皆様には、爽やかな新春をお迎えのこととお慶び申し上げます。

さて、我が国の学校教育は、昨年、明治五年の「学制」に発布以来、百二十年を記念したところです。この間、我が国は、先進的な近代国家を目指し、国民の教育には、どの国にもまして力を注いできたところであり、今日、世界有数の教育水準を達成するとともに、社会の近代化や産業化を成し遂げるに至りました。

しかしながら、近年における時代や社会の急速な変化は、これまでの、ややもすると効率主義的な教育の在り方について、根底から反省や見直しを求めているところです。このような中で、個性の伸長を重視し、新しい学力観に立った新学習指導要領が小学校に続いて、本年は中学校でも実施され、学校教育の質的転換が着実に進められようとしております。また、子供たちが家庭や地域において、ふれあいや様々な体験を深めながら、健やかに成長できるようにとの願いのもとに、学校週五日制も昨年より実施されるに至ったところです。

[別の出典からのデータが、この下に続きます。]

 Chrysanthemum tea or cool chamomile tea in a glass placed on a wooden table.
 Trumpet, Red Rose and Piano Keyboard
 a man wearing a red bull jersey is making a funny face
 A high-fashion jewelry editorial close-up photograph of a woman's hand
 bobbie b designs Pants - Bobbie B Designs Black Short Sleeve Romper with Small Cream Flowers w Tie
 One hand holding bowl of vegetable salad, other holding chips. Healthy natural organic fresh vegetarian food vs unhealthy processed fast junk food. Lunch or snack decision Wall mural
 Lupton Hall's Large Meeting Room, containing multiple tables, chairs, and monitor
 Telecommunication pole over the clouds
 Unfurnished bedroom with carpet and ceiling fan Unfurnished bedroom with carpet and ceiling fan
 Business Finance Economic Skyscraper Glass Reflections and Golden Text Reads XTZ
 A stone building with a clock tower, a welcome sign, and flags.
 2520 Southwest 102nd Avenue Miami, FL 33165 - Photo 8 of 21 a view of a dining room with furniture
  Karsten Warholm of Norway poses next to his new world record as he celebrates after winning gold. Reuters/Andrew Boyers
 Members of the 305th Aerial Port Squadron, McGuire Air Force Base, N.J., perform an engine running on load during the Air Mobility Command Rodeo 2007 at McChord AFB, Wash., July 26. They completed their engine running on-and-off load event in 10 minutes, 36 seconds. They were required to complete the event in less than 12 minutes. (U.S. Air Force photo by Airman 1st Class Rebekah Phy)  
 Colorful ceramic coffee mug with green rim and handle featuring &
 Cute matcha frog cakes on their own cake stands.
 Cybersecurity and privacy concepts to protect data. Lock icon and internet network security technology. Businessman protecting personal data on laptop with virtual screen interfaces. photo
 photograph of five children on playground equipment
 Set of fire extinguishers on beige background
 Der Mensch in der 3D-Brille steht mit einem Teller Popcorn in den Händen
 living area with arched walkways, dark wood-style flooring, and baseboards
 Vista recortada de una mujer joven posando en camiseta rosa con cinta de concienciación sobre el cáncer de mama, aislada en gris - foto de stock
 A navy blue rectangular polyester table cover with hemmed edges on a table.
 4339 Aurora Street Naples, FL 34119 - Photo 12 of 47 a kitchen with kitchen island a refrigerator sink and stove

このように、教育を取り巻く諸情勢は、これまでにない変化をみせており、本県教育行政も、いろいろと新たな課題に直面しているところです。

このため、県教育委員会としましては、国の文教施策の動向や県政の方向及び教育に対する社会の要請等を考慮しながら、西暦二千年を目標年度とする新たな視点と将来展望に立った長期教育計画の策定を進めてまいりました。

この新しい教育計画のもとでは、生涯学習体系への移行をはじめとする時代や社会の変化に対応した諸施策の積極的な推進を図り、明るく希望に満ちた二十一世紀の社会とそれを担う人づくりが何よりも重要な課題であると考えております。

このためには、まず、県民の生涯にわたる学習が円滑に行われるよう、身近な学習の機会や場の拡充を図るなど、十分な支援措置を講じ、ふれあいと生きがいに満ちた生涯学習の振興に努める必要があります。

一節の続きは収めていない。